Sweden’s krona slumped after a survey indicated a contraction in the nation’s manufacturing industry deepened last month as exporters struggle to stay competitive against the fallout of Europe’s debt crisis.
An index based on responses from about 200 purchasing managers fell to a seasonally adjusted 43.1 in October, its lowest reading in more than three years, from 44.7 the previous month, Stockholm-based Swedbank AB (SWEDA), which compiles the index, said today. A reading below 50 signals a contraction. The average estimate of seven economists surveyed by Bloomberg was for a reading of 45.
The data “strengthen our fears that fourth-quarter gross domestic product will be very weak,” Anna Raman, a senior analyst at Nykredit Bank A/S in Copenhagen, said in a note to clients. It “makes a Riksbank cut in December almost a certainty,” she said.
The krona lost as much as 0.45 percent against the euro and traded at 8.6262 as of 10:21 a.m. in Stockholm, making it the biggest loser of the major currencies tracked by Bloomberg against the dollar, the yen and the euro. Versus the dollar, the krona sank 0.6 percent to 6.6724.
Swedish exports, which account for about half the nation’s economic output, fell 13 percent in September as demand from Europe falters. Manufacturing confidence last month hit a three- year low and the central bank in October signaled it may cut interest rates again in December to support an expansion.
In neighboring Norway, a manufacturing decline also deepened last month as the nation’s purchasing managers’ index slipped to 48.7 from a revised 49.1 in September, Oslo-based Fokus Bank said today.
Norway’s krone was little changed at 7.3872 against the euro, and fell 0.2 percent versus the dollar to 5.7127.
Both the Norwegian and Swedish central banks last month pushed back plans to tighten monetary policy after keeping their main interest rates unchanged.
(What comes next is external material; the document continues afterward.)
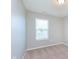 Bedroom featuring a window with blinds and carpet at 6410 Avacado Dr, Indianapolis, IN 46217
Swedish economic growth will slow to 0.9 percent this year from 3.9 percent in 2011 as “ exports are being clearly dampened by the weak activity in the euro area,” the Riksbank said last week. That makes a rate cut this winter more likely than an increase, the Riksbank said.
Norges Bank Governor Oeystein Olsen said yesterday he probably won’t start raising interest rates until March at the earliest, compared with a previous forecast for as early as December.
“We are now also starting to see ramification effects from the euro-zone woes into Norway,” said Shakeb Syed, chief economist at SpareBank1 Markets in Oslo. “Sweden doesn’t have the upside effects from the oil industry that Norway has” and is therefore “feeling the strain more than we are doing,” he said.
Sweden’s production sub-index fell to 40.3 from 43.9 while the order index fell to 40.1 from 42.1. The employment index was unchanged at 43 and the delivery time index fell to 40.4 from 45.2.
“The biggest contributor to the decline was production, followed by shorter delivery times and lower order intake,” Swedbank said in a statement. “The weaker demand is manifesting itself primarily in falling export orders, while the domestic market -- even though weak -- is faring somewhat better.”
In Norway, the PMI sub-index measuring orders rose to 49.6 from 47.3 in September, while the employment index dropped to 49.1 from 50.7 and the production measure decreased to 48.4 from 49.2. Inventories fell to 44.1 from 46.5.